Le dispositif retenu est constitutif d’une évaluation libre des attributions de compensation de l’EPCI. Il doit donc être mis en place dans les mêmes conditions de forme (délibérations concordantes du conseil communautaire, statuant à la majorité des deux tiers, et des conseils municipaux des communes membres intéressées, en tenant compte du rapport de la Clect).
Seul le coût des dépenses d'investissement liées au renouvellement des équipements transférés peut être imputé à cette "attribution de compensation d’investissement". Les dépenses d'entretien et les frais financiers liés aux équipements ne peuvent donc pas y être inclus.

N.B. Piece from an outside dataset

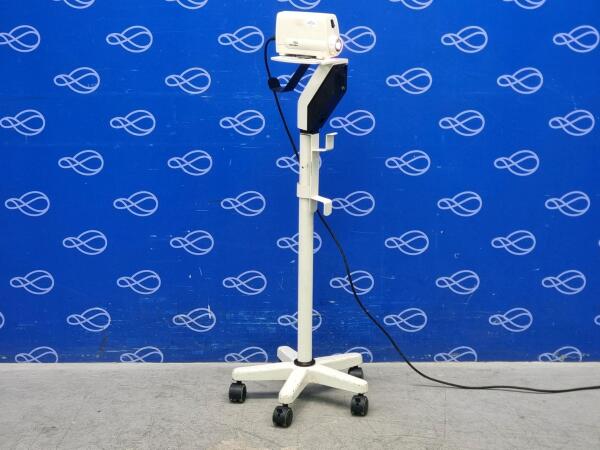 Welch Allyn 49501 Light Source on Rollstand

Ces nouvelles dispositions ne sont applicables que pour les transferts de charges effectifs à compter du 1er janvier 2017, un rapport émanant de la Clect étant nécessaire pour que l’organe délibérant de l’EPCI puisse mettre en œuvre ces nouvelles dispositions.

Quelques remarques
• L’épargne brute dégagée par la section de fonctionnement est utilisée en priorité à rembourser le capital emprunté par la commune. Le surplus (l’épargne nette) a vocation à financer les investissements prévus par la collectivité. Le nouveau dispositif n’est utile à une commune que si celle-ci a des emprunts à rembourser ou si elle souhaite favoriser l’autofinancement d’un projet liée aux compétences conservées. Ainsi, à l'occasion d'un nouveau transfert de compétences, au lieu de voir baisser son attribution de compensation en fonctionnement, la commune pourrait plutôt choisir de verser une "attribution de compensation d'investissement" à l'EPCI qui correspondrait au cout des dépenses d'investissement transférées.
• Le choix d’une attribution de compensation d’investissement sera d’autant plus pertinent que le transfert de compétences comporte un coût de dépenses d'investissement liées au renouvellement des équipements importants (exemple : transfert de la compétence voirie ou eau et assainissement…).
• Bien que ce dispositif ne soit en général envisagé qu’en cas d’attribution de compensation positive, il peut tout à fait être utilisé pour des attributions de compensation négatives.
• Enfin, avant de recourir à ce dispositif, les collectivités auront intérêt à bien prendre en compte les transferts de compétences qu’ils envisagent dans un avenir proche car le dispositif étant dérogatoire le mécanisme du 1 bis du V de l’article 1609 nonies C du CGI devra être mis en œuvre à chaque transfert.
 

Références juridiques :
Alinéas 4 et 5 du IV de l’article 1609 noniès C du CGI (ce IV concerne la CLECT6 et ses travaux).
Art 183 de la LOI n° 2004-809 du 13 août 2004 relative aux libertés et responsabilités locales.
Article 81 de la loi n° 2016-1918 du 29 décembre 2016 de finances rectificative pour 2016.
"Ces délibérations peuvent prévoir d'imputer une partie du montant de l'attribution de compensation en section d'investissement en tenant compte du coût des dépenses d'investissement liées au renouvellement des équipements transférés, calculé par la commission locale d'évaluation des transferts de charges conformément au cinquième alinéa du IV"
Rapport n° 214 (2016-2017) de M. Albéric de Montgolfier, fait au nom de la commission des finances, déposé le 13 décembre 2016, article 26 quinquies.